Action item:
Below are some entries. Transcribe the lines from the one holding "Cupolino Fume' Originale" to the one holding "205 W Conyers Ave #6", inclusive, but not the pictures among them.

Data extract:
=-=-=-=-=

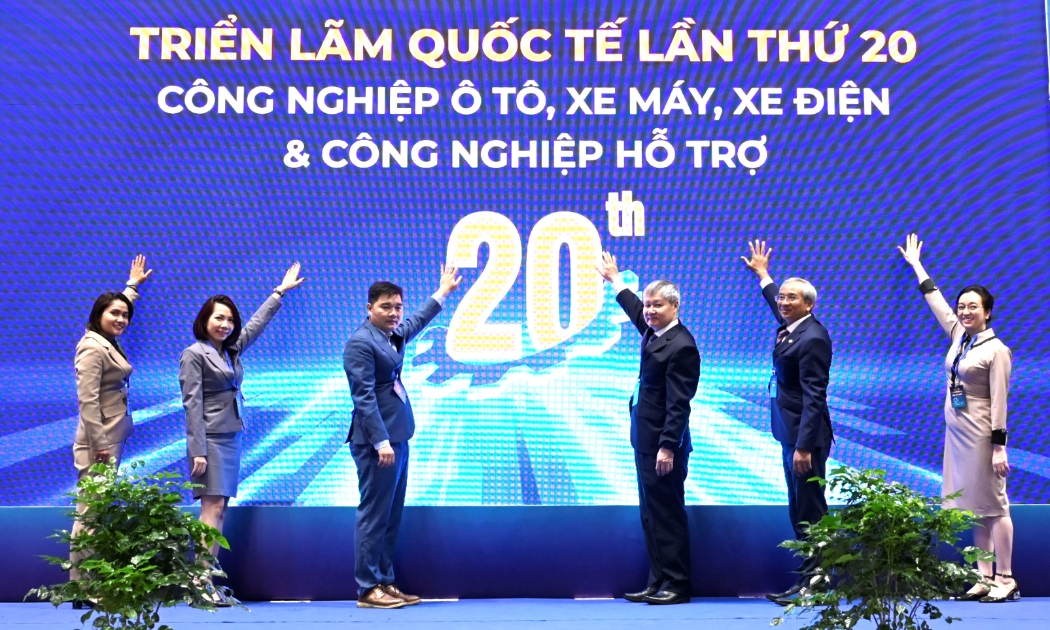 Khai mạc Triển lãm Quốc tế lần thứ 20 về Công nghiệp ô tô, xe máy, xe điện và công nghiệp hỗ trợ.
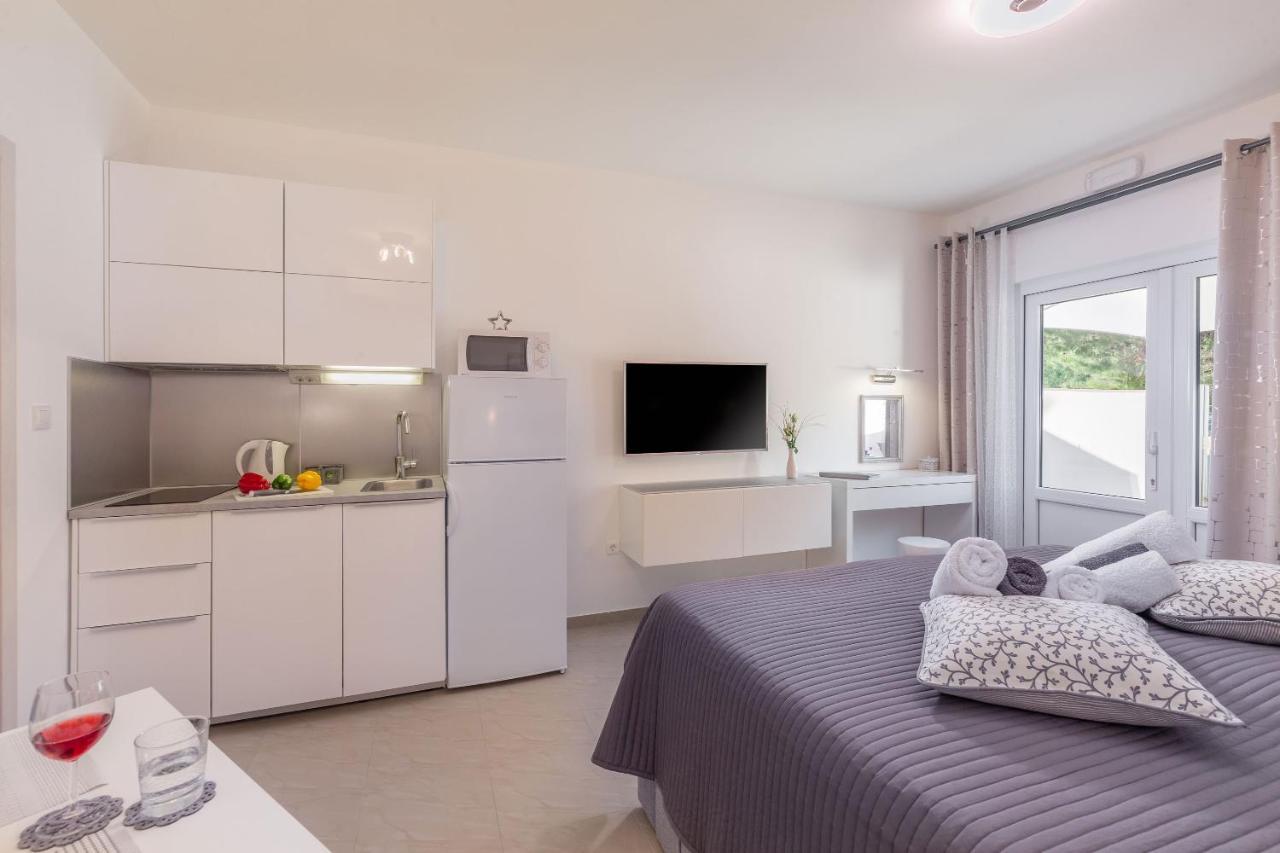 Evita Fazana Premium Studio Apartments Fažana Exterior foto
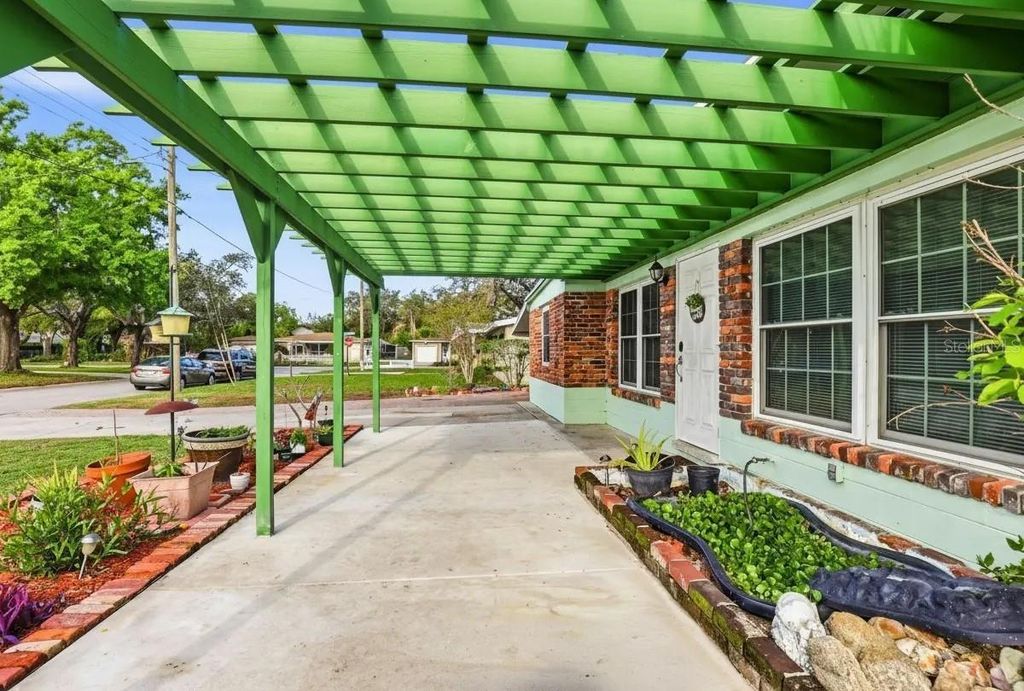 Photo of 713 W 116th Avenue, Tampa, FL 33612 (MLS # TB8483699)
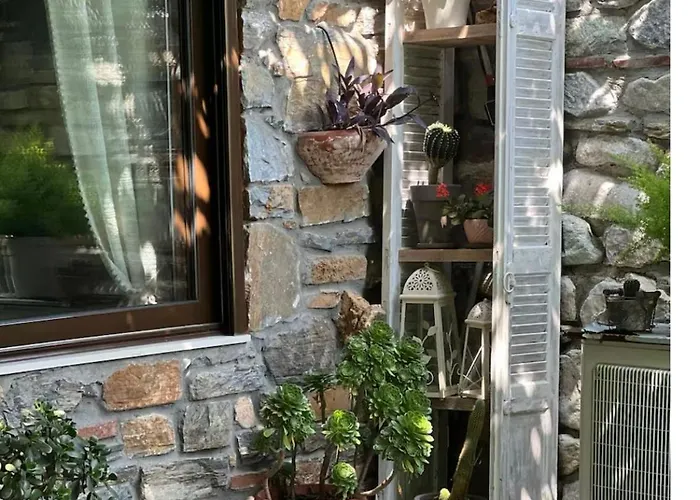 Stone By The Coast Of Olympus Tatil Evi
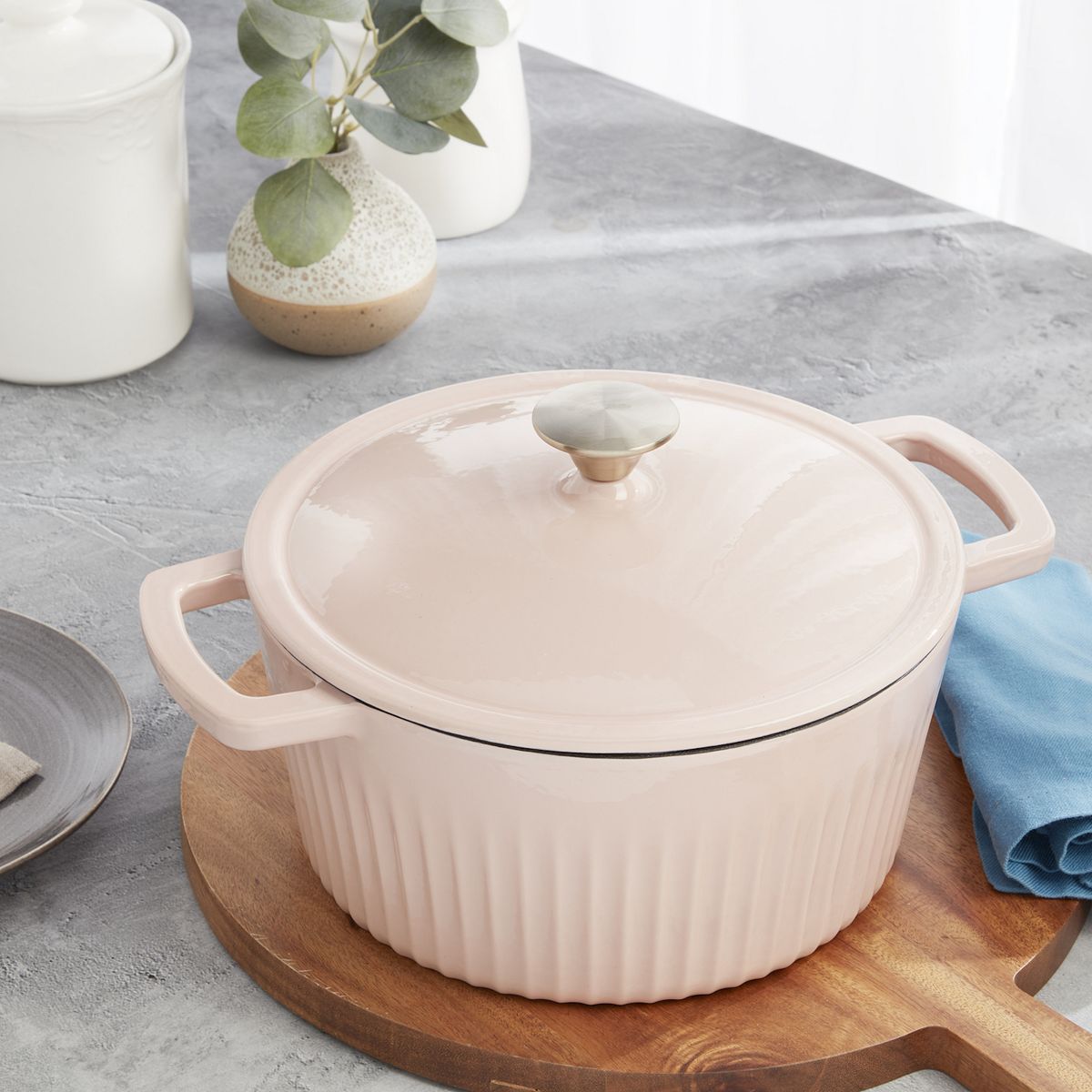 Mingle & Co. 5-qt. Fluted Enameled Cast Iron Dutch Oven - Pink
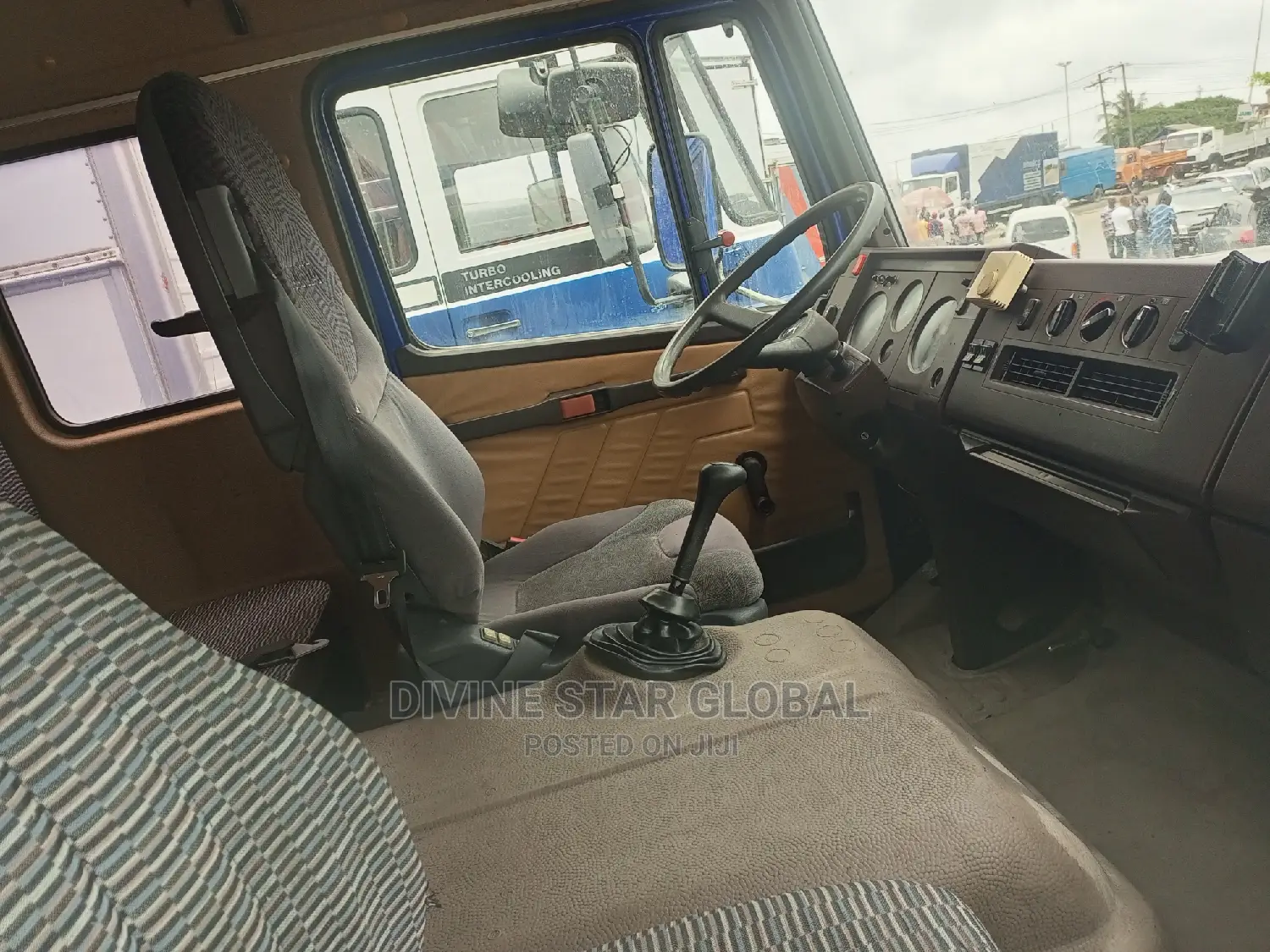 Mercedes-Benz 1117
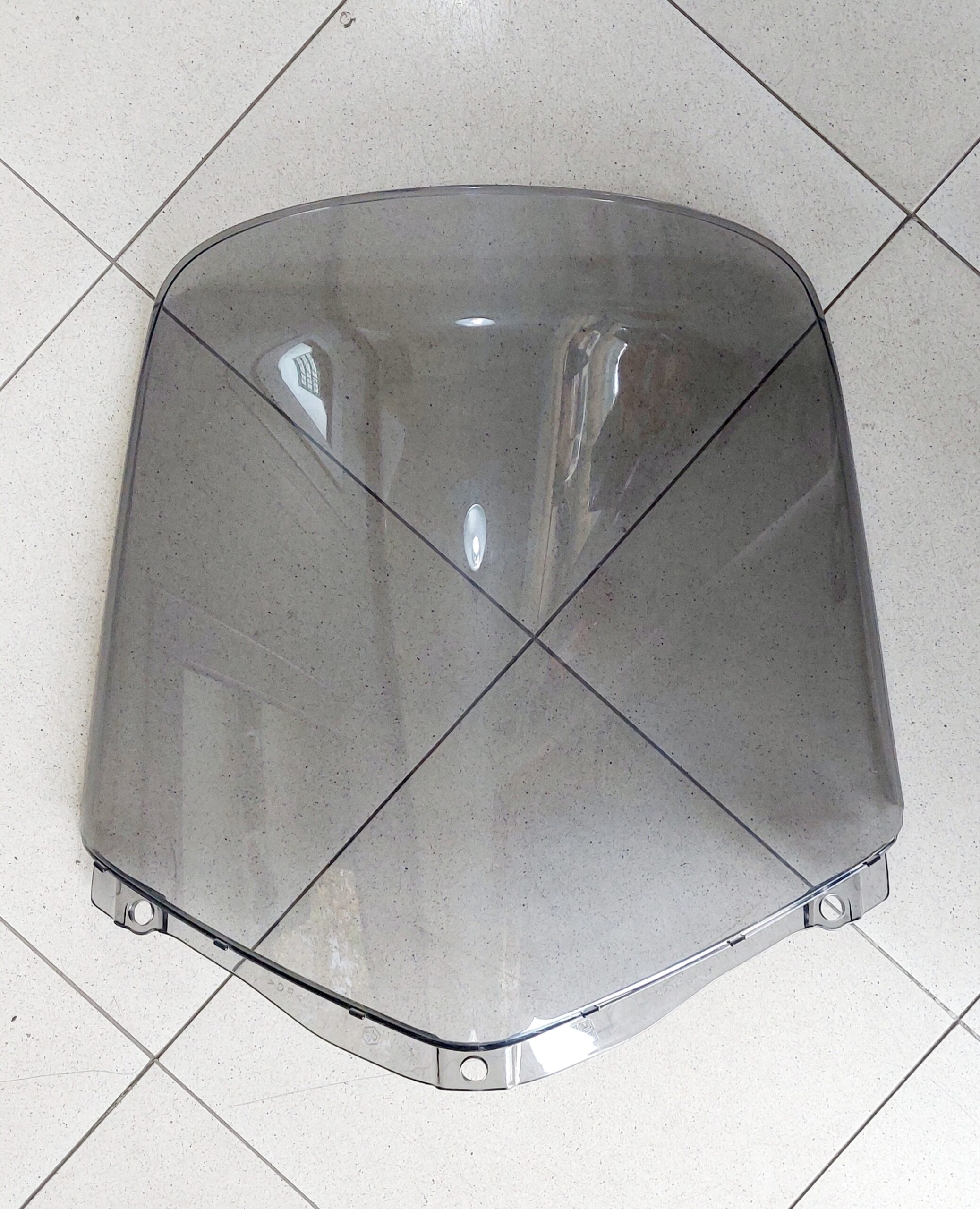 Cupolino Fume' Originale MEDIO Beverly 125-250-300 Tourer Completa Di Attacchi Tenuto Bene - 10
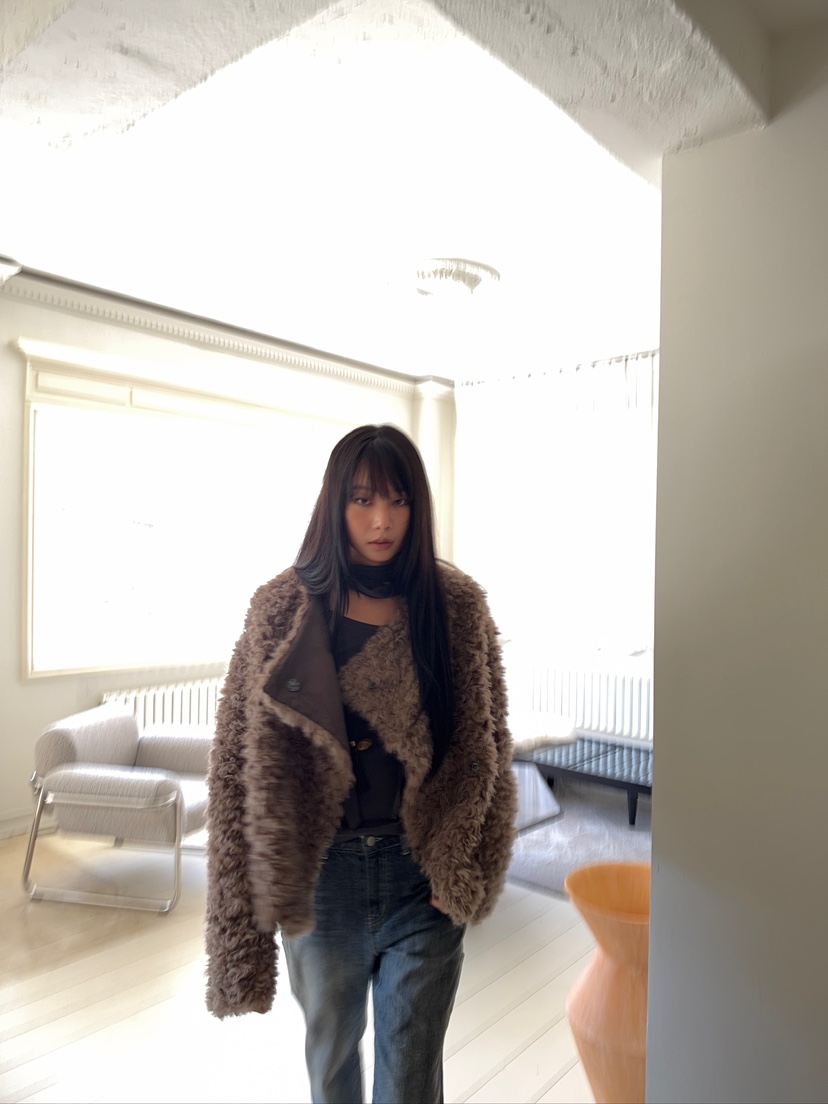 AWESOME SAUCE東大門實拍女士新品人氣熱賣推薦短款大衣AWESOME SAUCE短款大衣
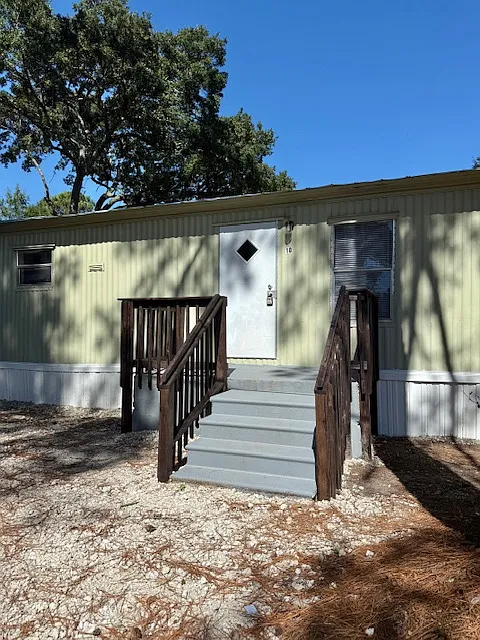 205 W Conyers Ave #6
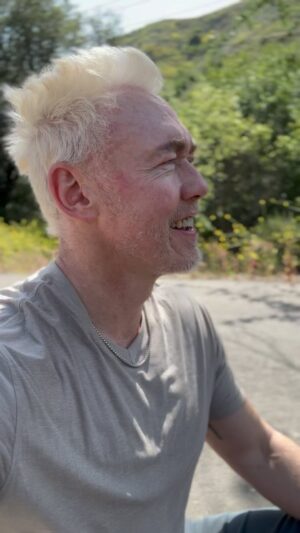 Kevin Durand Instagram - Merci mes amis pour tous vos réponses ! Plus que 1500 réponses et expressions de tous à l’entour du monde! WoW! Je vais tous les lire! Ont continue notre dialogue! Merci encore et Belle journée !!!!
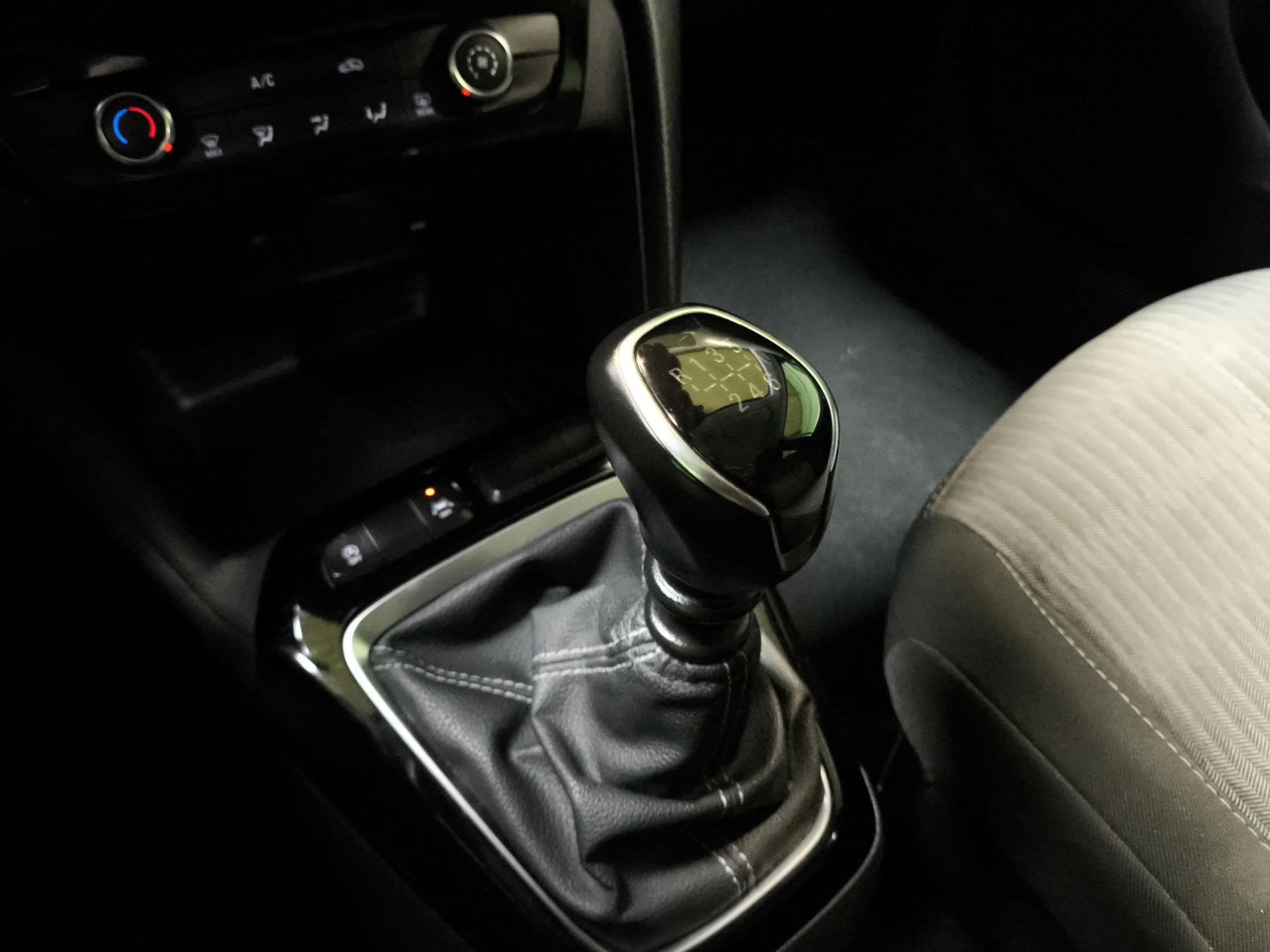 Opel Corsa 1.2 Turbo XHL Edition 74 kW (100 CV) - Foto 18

=-=-=-=-=

Task output:
 Cupolino Fume' Originale MEDIO Beverly 125-250-300 Tourer Completa Di Attacchi Tenuto Bene - 10
 AWESOME SAUCE東大門實拍女士新品人氣熱賣推薦短款大衣AWESOME SAUCE短款大衣
 205 W Conyers Ave #6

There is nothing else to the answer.